Somalia is largely fractured into warring fiefdoms controlled by warlords. This political anarchy has been compounded by the spillover of the Ethiopia – Eritrea war, with both countries backing rival Somali factions to further their own agendas.
In the warlord Hussein Aidid's territory in southern Mogadishu, the Voice of the People radio station generally broadcasts anti-Ethiopia propaganda, often accusing Ethiopia of sending its troops into Somalia. Journalists working in the territory are ordered to report only Aidid's version of events, and those who provide more-objective coverage run grave personal risks. BBC stringer Yussuf Hassan Moalim was repeatedly harassed and threatened by Aidid's heavily armed bodyguards over what they saw as "unfavorable" coverage of the Ethiopia issue. According to the BBC, Moalim, who is based outside Somalia, eventually decided not to return, fearing for his life.

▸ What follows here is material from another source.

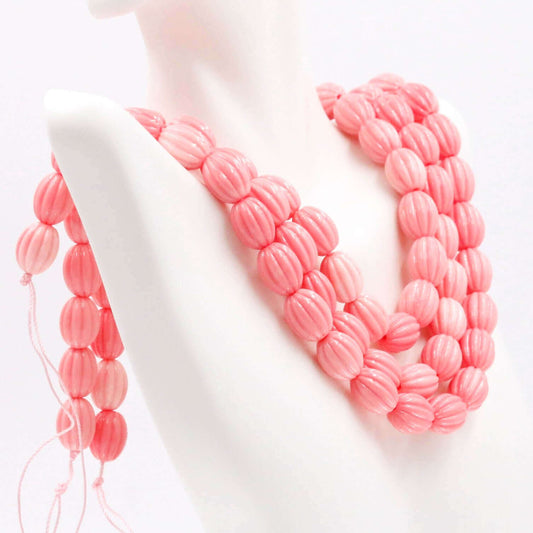 Pink Coral Melon Beads Strand - Taj Mahal Gems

In northeastern Somalia, the self-declared autonomous region of Puntland, under the leadership of Colonel Abdullahi Yusuf, was also highly sensitive to media criticism. The August arrest and detention of three journalists from the newspapers Sahan and Riyaq was just one example; there were other reports of arrested journalists, which CPJ was unable to corroborate owing to extremely poor communications throughout Somalia.
On November 23, the BBC reported that Bille Mahmud Qaboobe, editor of the newspaper Yool, had been sentenced to three months in jail by a court in the Puntland capital of Boosaaso. The editor was apparently "accused of publishing information unfavorable to the Puntland administration." According to other sources, Qaboobe and two other detained journalists were soon released because of pressure from their respective clan and subclan elders.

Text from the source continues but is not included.